Secreted IgG was purified using Protein A Sepharose (Pharmacia, Peapack,
NJ) and buffer exchanged into PBS.
[0131] Sequence data for the scFv clones was used to identify the
nearest germline sequence for the heavy and light chain of each clone.
Appropriate mutations were made using standard site directed mutagenesis
techniques with the appropriate mutagenic primers. Mutation of scFv
sequences was confirmed by sequence analysis. Germlined scFv and VH and
VL domain sequences for Myo28 and Myo29 are set forth in SEQ ID NO:19 and
SEQ ID NO:25, respectively.
Example 9: Biological Activity of Antibodies
[0132] Figure 3A shows that preincubation of Myo29 with biotinylated
GDF-8 at 10 ng/ml inhibited GDF-8 binding to ActRHB in the ActRIIB binding
assay, as described in Example 3, with an IC50 of 0.2-0.4 nM. Similarly in
Figure 3B, Myo29 inhibited biotinylated BMP-11 binding to ActRIIB with the
same IC50.
[0133] Myo29 also blocked GDF-8 activity in an in vitro bioassay. By
way of example, when GDF-8 was preincubated with Myo29 for 1 hour at room
temperature, the biological activity of GDF-8 was reduced as determined in
RGA assays performed essentially as described in Example 2. Figure 4C
shows induction of pGL3(CAGA)12 reporter activity at the ED50 for GDF-8, 20
ng/ml, in the presence of Myo29. Myo29 reduced the GDF-8 induction in a
dose-responsive manner, with an IC50 of 15-30 ng/ml (0.1-0.2 nM). Myo29 also
inhibited the biological activity of BMP-11 to the same extent (Figure 4B). In
contrast, the activity of activin in this assay was not affected by Myo29 (Figure
4D), presumably due to the relatively low homology between GDF-8 and
activin, as compared to GDF-8 and BMP-11.

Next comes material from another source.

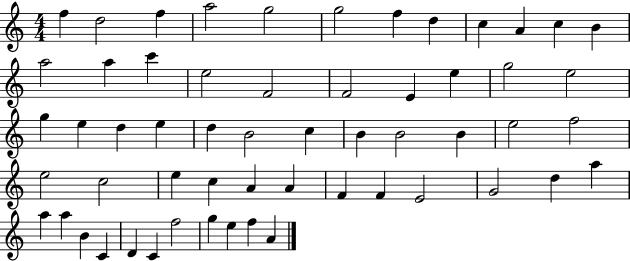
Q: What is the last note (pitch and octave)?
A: A4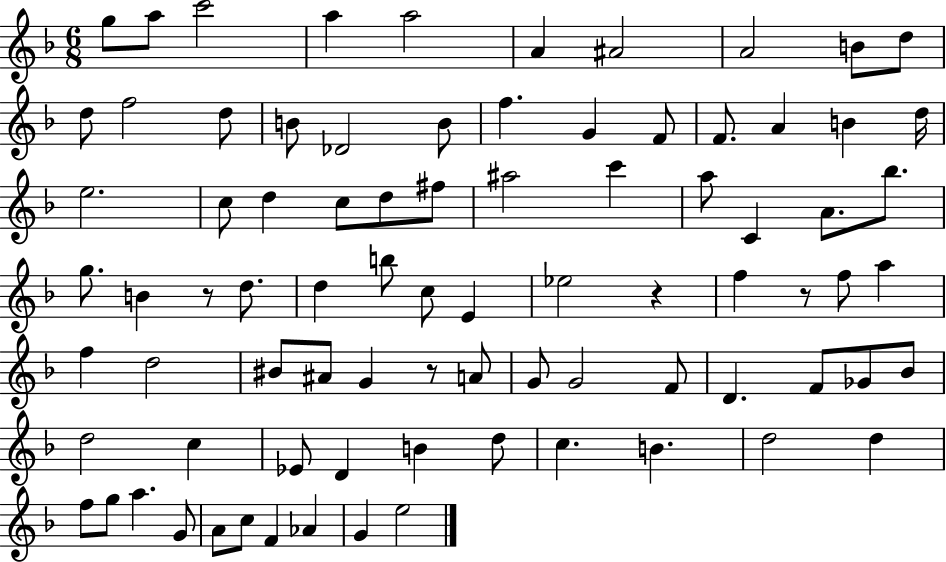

[0134] Myo22 and Myo28 were also tested in the RGA and ActRIIB
binding assays. Both antibodies block GDF-8 and BMP-11 activity. The IC50
for Myo28, for example, is 0.2-0.35 nM.
Example 10: Mapping of Epitopes for Myo22, Myo28, and Myo29
[0135] In order to map the exact epitope of the antibodies, 48
overlapping 13-residue peptides representing the entire sequence of mature
GDF-8 set forth in SEQ ID NO:49 were synthesized directly on cellulose paper
using the spot synthesis technique (Molina et al. (1996) Peptide Research,
9:151-155; Frank et al. (1992) Tetrahedron, 48: 9217-9232). The overlap of the
peptides was 11 amino acids. In this array, cysteine residues were replaced
with serine in order to reduce the chemical complications that are caused by
the presence of cysteines. Cellulose membranes modified with polyethylene
glycol and Fmoc-protected amino acids were purchased from Abimed
(Lagenfeld, Germany). The array was defined on the membrane by coupling a
B-alanine spacer and peptides were synthesized using standard DIC
(diisopropylcarbodiimide)/HOBt (hydroxybenzotriazole) coupling chemistry as
described previously (Molina et al. (1996) Peptide Research, 9:151-155; Frank
et al. (1992) Tetrahedron, 48: 9217-9232).
[0136] Activated amino acids were spotted using an Abimed ASP 222
robot. Washing and deprotection steps were done manually and the peptides
were N-terminally acetylated after the final synthesis cycle. Following peptide
synthesis, the membrane was washed in methanol for 10 minutes and in
blocker (TBST (Tris-buffered saline with 0.1% (v/v) Tween™ 20) and 1% (w/v)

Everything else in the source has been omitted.